On Sep 3, 2023, at 22:06, Alexander Motin <m...@freebsd.org> wrote:

On 03.09.2023 22:54, Mark Millard wrote:

After that ^t produced the likes of:
load: 6.39  cmd: sh 4849 [tx->tx_quiesce_done_cv] 10047.33r 0.51u 121.32s 1% 
13004k


So the full state is not "tx->tx", but is actually a "tx->tx_quiesce_done_cv", 
which means the thread is waiting for new transaction to be opened, which means some previous to be 
quiesced and then synced.

#0 0xffffffff80b6f103 at mi_switch+0x173
#1 0xffffffff80bc0f24 at sleepq_switch+0x104
#2 0xffffffff80aec4c5 at _cv_wait+0x165
#3 0xffffffff82aba365 at txg_wait_open+0xf5
#4 0xffffffff82a11b81 at dmu_free_long_range+0x151


Here it seems like transaction commit is waited due to large amount of delete 
operations, which ZFS tries to spread between separate TXGs.


That fit the context: cleaning out /usr/local/poudriere/data/.m/

You should probably see some large and growing number in sysctl 
kstat.zfs.misc.dmu_tx.dmu_tx_dirty_frees_delay .


After the reboot I started a -J64 example. It has avoided the
early "witness exhausted". Again I ^C'd after about an hours
after the 2nd builder had started. So: again cleaning out
/usr/local/poudriere/data/.m/ Only seconds between:

# sysctl kstat.zfs.misc.dmu_tx.dmu_tx_dirty_frees_delay
kstat.zfs.misc.dmu_tx.dmu_tx_dirty_frees_delay: 276042

# sysctl kstat.zfs.misc.dmu_tx.dmu_tx_dirty_frees_delay
kstat.zfs.misc.dmu_tx.dmu_tx_dirty_frees_delay: 276427

# sysctl kstat.zfs.misc.dmu_tx.dmu_tx_dirty_frees_delay
kstat.zfs.misc.dmu_tx.dmu_tx_dirty_frees_delay: 277323

# sysctl kstat.zfs.misc.dmu_tx.dmu_tx_dirty_frees_delay
kstat.zfs.misc.dmu_tx.dmu_tx_dirty_frees_delay: 278027


As expected, deletes trigger and wait for TXG commits.

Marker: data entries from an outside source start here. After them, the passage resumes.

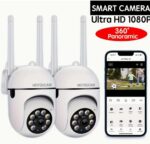 2pack Wireless 1080p HD Indoor/Outdoor Security Camera, Wireless 1080p HD Security Camera With Color Night Vision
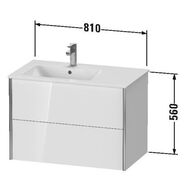   Duravit XViu 810560480 2 ,  / XV41580B122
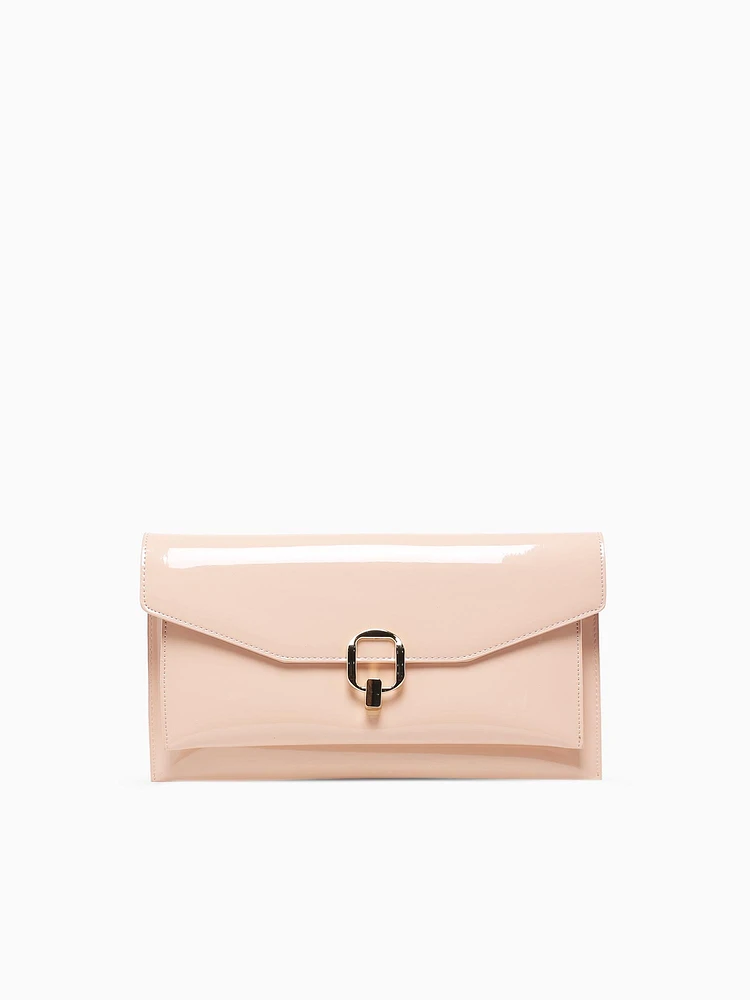 Sofia Clutch Nude Pat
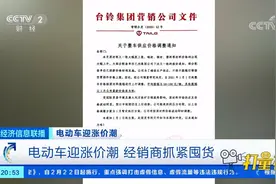 电动车迎涨价潮，经销商抓紧囤货|经济信息联播视频封面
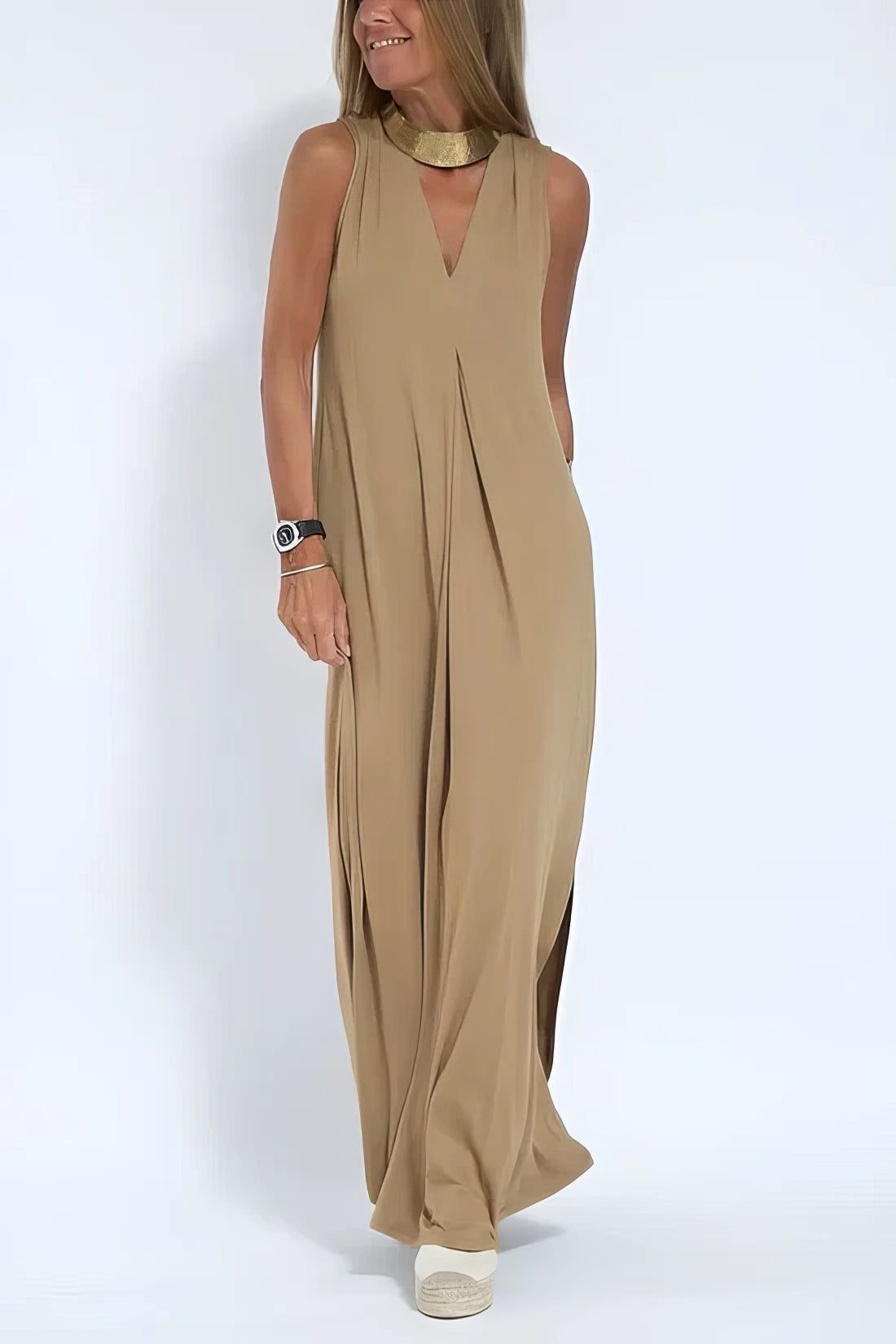 Lavinque Dress Robe Longue Fluide | Épaules Dénudées | Décontractée et Élégante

I have found a measure of progress: zfs list's USED
for /usr/local/poudriere/data/.m is decreasing. So
ztop's d/s was a good classification: deletes.

#5 0xffffffff829a87d2 at zfs_rmnode+0x72
#6 0xffffffff829b658d at zfs_freebsd_reclaim+0x3d
#7 0xffffffff8113a495 at VOP_RECLAIM_APV+0x35
#8 0xffffffff80c5a7d9 at vgonel+0x3a9
#9 0xffffffff80c5af7f at vrecycle+0x3f
#10 0xffffffff829b643e at zfs_freebsd_inactive+0x4e
#11 0xffffffff80c598cf at vinactivef+0xbf
#12 0xffffffff80c590da at vput_final+0x2aa
#13 0xffffffff80c68886 at kern_funlinkat+0x2f6
#14 0xffffffff80c68588 at sys_unlink+0x28
#15 0xffffffff8106323f at amd64_syscall+0x14f
#16 0xffffffff8103512b at fast_syscall_common+0xf8


What we don't see here is what quiesce and sync threads of the pool are 
actually doing.  Sync thread has plenty of different jobs, including async 
write, async destroy, scrub and others, that all may delay each other.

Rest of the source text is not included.